Goal of the exercise:
What you return should be the lines from the one with "It'll take you" through the one with "So what I'll" in the data below, reproduced exactly with both ends, and no pictures at all.

Segment Start: Material supplied

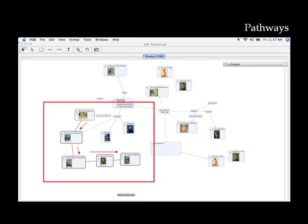Pathways are another function that allow users to show specific relationships by creating custom trails through the nodes on their map, organizing their thoughts and allowing others to follow that same logic.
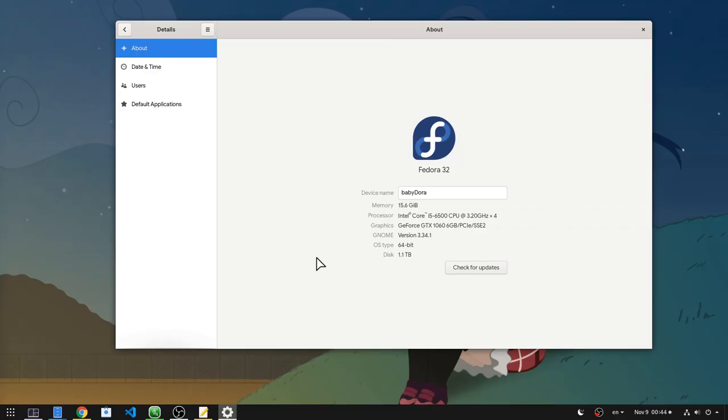That's the current about page and there is nothing much to say, except that if you see an Ubuntu logo there, you do something terribly wrong.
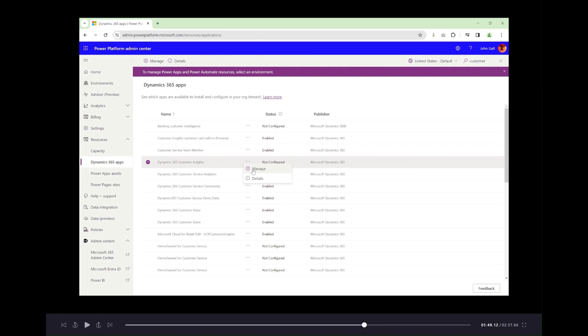It'll take you to all of the Dynamics 365 Apps that are accessible to you. If you purchased a license, then this should show up in this area here. If you search for Customer Insights...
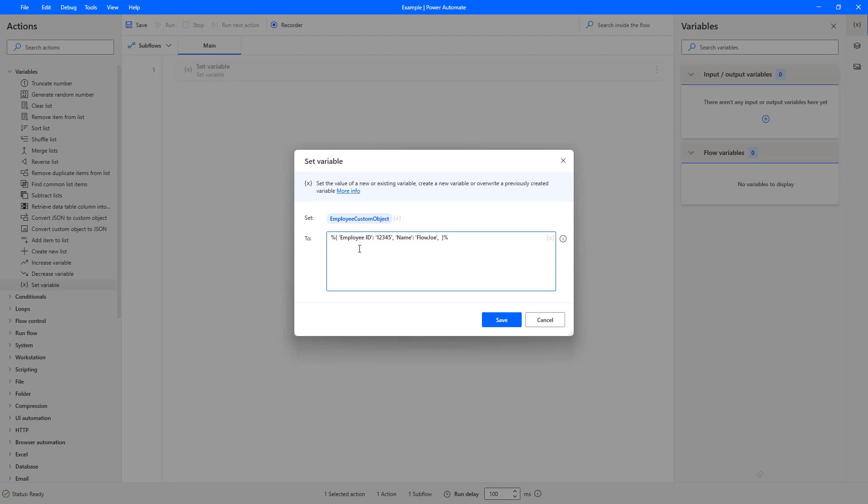So what I'll do is I'll just fill some information in here just to give you an example of more information that you can actually put in. City of Vancouver comma again and then we could have a country of Canada and lastly we could say a salary of five thousand.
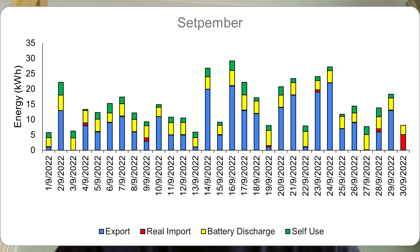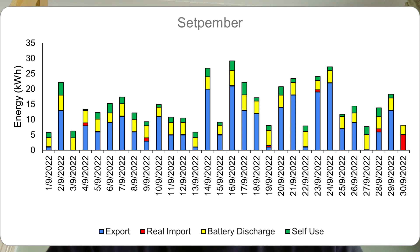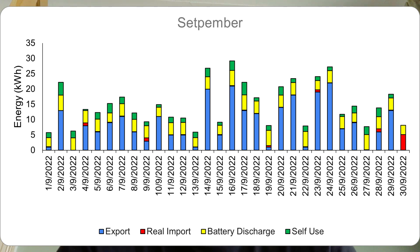So how did we use that energy over September? This graph shows the breakdown. We have export in blue — that's how much we exported back to the grid. We still haven't quite set up our SEG payment yet; I'm trying to chase that up and we're going with So Energy on that. There will be a video about how you apply for SEG tariffs. The red is our import, calculated from our smart meter showing how much we're spending each day on importing electricity.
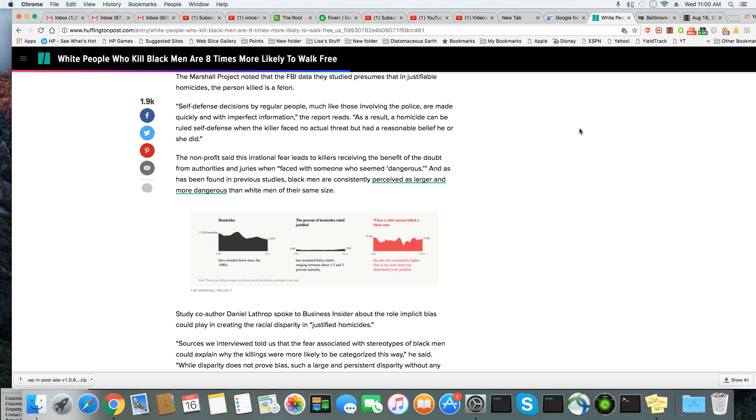The Marshall Project noted that the FBI data they studied presumed that in justifiable homicides, the person killed is a felon. Well, not every Black person even killed by the cops is a felon. Self-defense decisions by regular people, much like those involving the police, were made quickly and with imperfect information, the report reads. So they don't necessarily even have to have good information to make that kind of ruling that it's justifiable to kill a Black man.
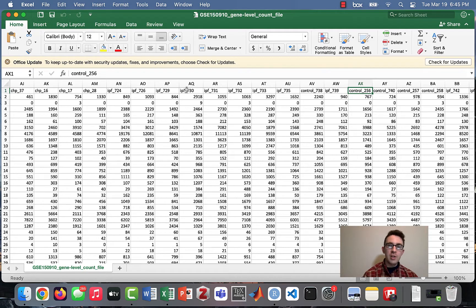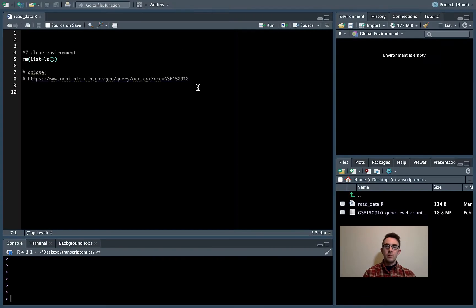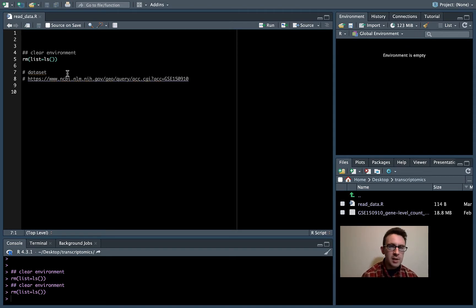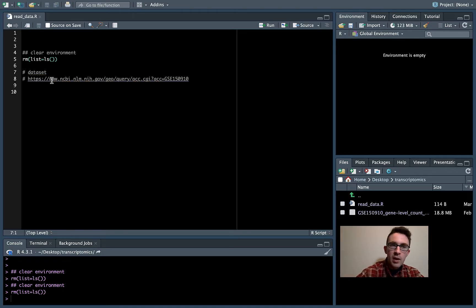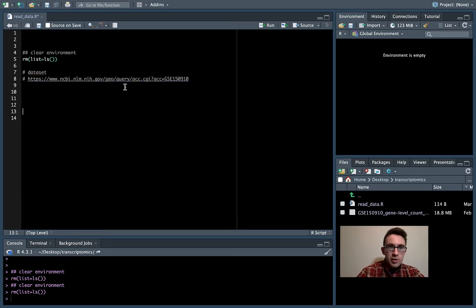In this lesson I'm going to show you how to actually read this dataset into R so we can start working with it. I put the data file and an R script called 'read_data.R' in the same folder. I like to start all my R scripts with a command to clear the environment. It's also good practice to put a comment with a link to where the dataset came from, so I've included a link to this dataset on the GEO website.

Segment End: Material supplied

Answer box:
It'll take you to all of the Dynamics 365 Apps that are accessible to you. If you purchased a license, then this should show up in this area here. If you search for Customer Insights...
So what I'll do is I'll just fill some information in here just to give you an example of more information that you can actually put in. City of Vancouver comma again and then we could have a country of Canada and lastly we could say a salary of five thousand.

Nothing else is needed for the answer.